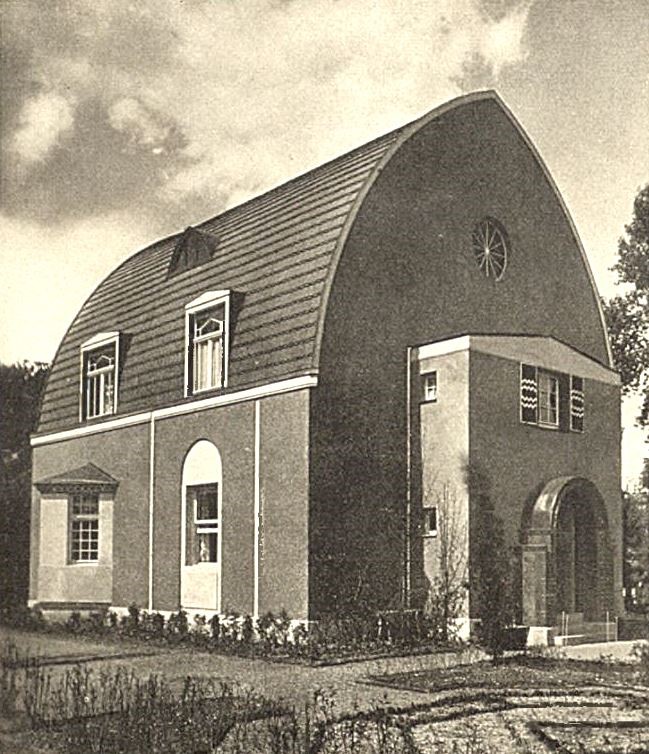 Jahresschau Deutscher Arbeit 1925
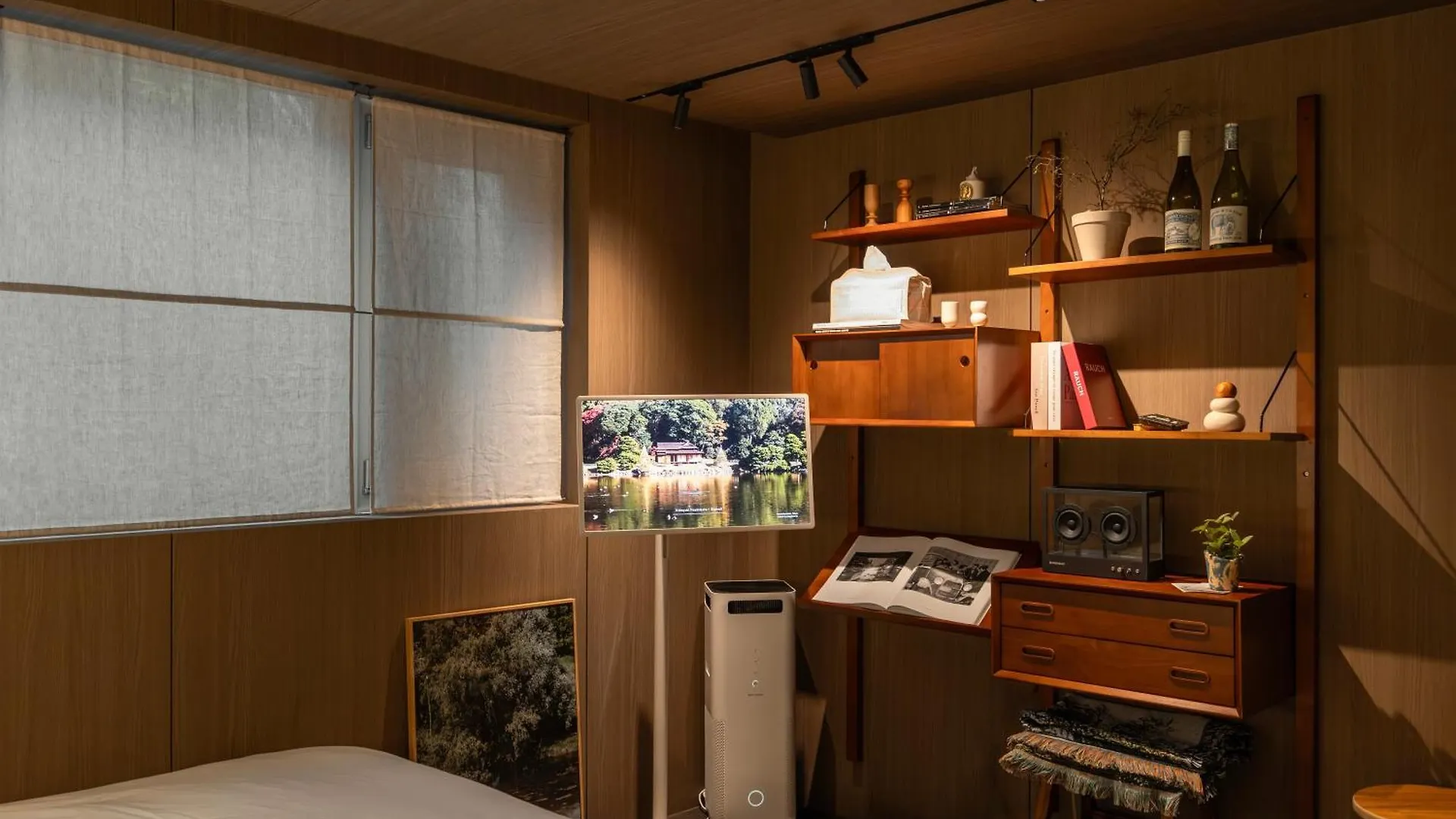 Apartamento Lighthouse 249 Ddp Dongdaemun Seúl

━━━

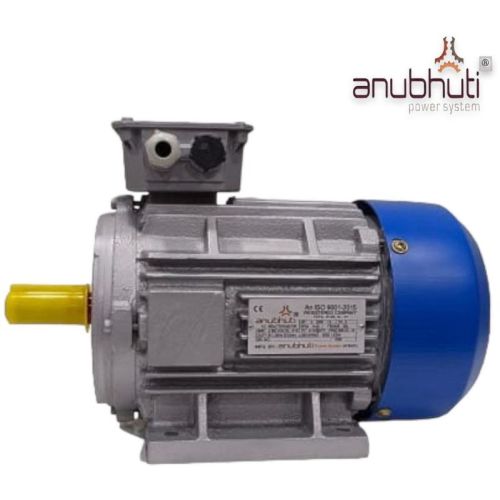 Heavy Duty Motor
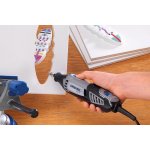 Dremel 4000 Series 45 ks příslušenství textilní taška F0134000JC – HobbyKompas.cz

━━━

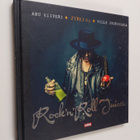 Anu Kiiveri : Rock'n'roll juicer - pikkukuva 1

━━━

- Your task
What are the lines in the records above, word for word, from the one containing "Jahresschau Deutscher Arbeit 1925" through the one containing "Apartamento Lighthouse 249", both ends included and pictures left out?

- The completed task
 Jahresschau Deutscher Arbeit 1925
 Apartamento Lighthouse 249 Ddp Dongdaemun Seúl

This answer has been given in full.